Ball also quotes David Jolly, the former Florida GOP congressman who’s now a happy MSNBC camper. “It’s in the air, it’s everywhere, it’s amazing,” Jolly said. “It’s between neighbors, it’s when you go to restaurants, when you go to schools. You’re on one side or the other, and people know it.”
Just what average voters want: more politics in their lives! I don’t think so. In that sense, DeSantis is like Trump. He too will force arguments—about him—over Thanksgiving dinner. The difference is that Trump has a personality (repulsive to me and you, but evidently winning to his people) and a brand. DeSantis has the charm of an unlanced boil. His recent return visit to the House of Representatives, where he served three terms in the 2010s and presumably might have had some old friends, resulted in a spate of horrible press and a slew of endorsements from GOP members of the Florida congressional delegation—for Trump.

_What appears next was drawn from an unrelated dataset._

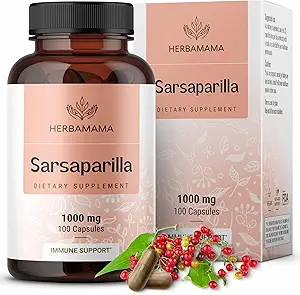 HERBAMAMA Sarsaparilla Root Capses - 1000mg Sarsaparilla Κόνις για βοτανικό καθαρισμό ήπατος Υποστήριξη - Vegan, μη ΓΤΟ συμπλήρωμα ήπατος Smilax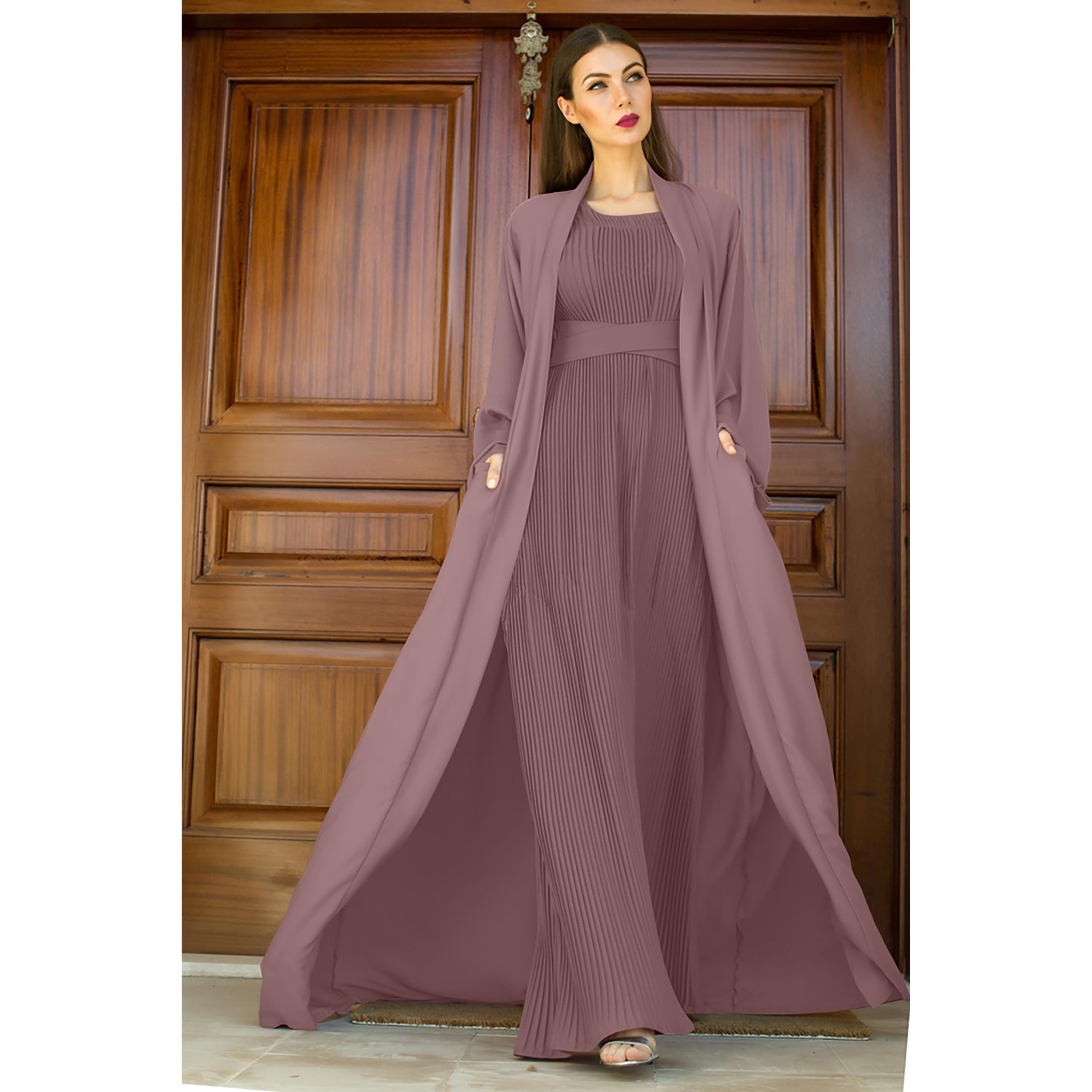 Nukhbaa 3-Piece Flared Sleeves Open Front Crepe Nida Women's Abaya and Pleated Inner with Hijab-women-arabicclothing-abayas-image-1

It’s still likely that none of this ends up mattering. Trump is the favorite and will remain so. But if DeSantis does somehow defeat him, that in itself will show strength and win him a ton of positive press. And he has a few attributes that must be taken seriously. He’s smart. He knows policy and does his homework. He went against the tide on the pandemic, and the way these things are measured in the media, he can plausibly say he was proven right. And he’s done a couple counterintuitive things, like signing a $700 million affordable housing law.
But the heart of his general election campaign, if he gets there, is going to be Freedom. Everything he’s doing, he boasts, is about freedom. Biden and the Democrats will need to tackle this head on. DeSantis’s idea of freedom, for a lot of Floridians, looks more like chains: women seeking reproductive freedom, transgender children, school librarians, academics who dare to cross the whiff-of-1984 lines he and his legislature have drawn, and anybody who is sympathetic to any of those groups. DeSantis loves freedom—for people who love DeSantis.
He wants a referendum on freedom? Great. Let’s give him one. I think most voters will choose to give women freedom to control their bodies; children (and adults) freedom to live as they wish to live; immigrants, even undocumented ones, the freedom not to be used as grotesque political props; Mickey, Minnie, and Bob Eiger the freedom to run their business as they see fit; and all of us the freedom to go to the mall without having to worry about ending up in a bloodbath. And DeSantis will end up in retirement—which, as he would tell it, would be right where God wants him.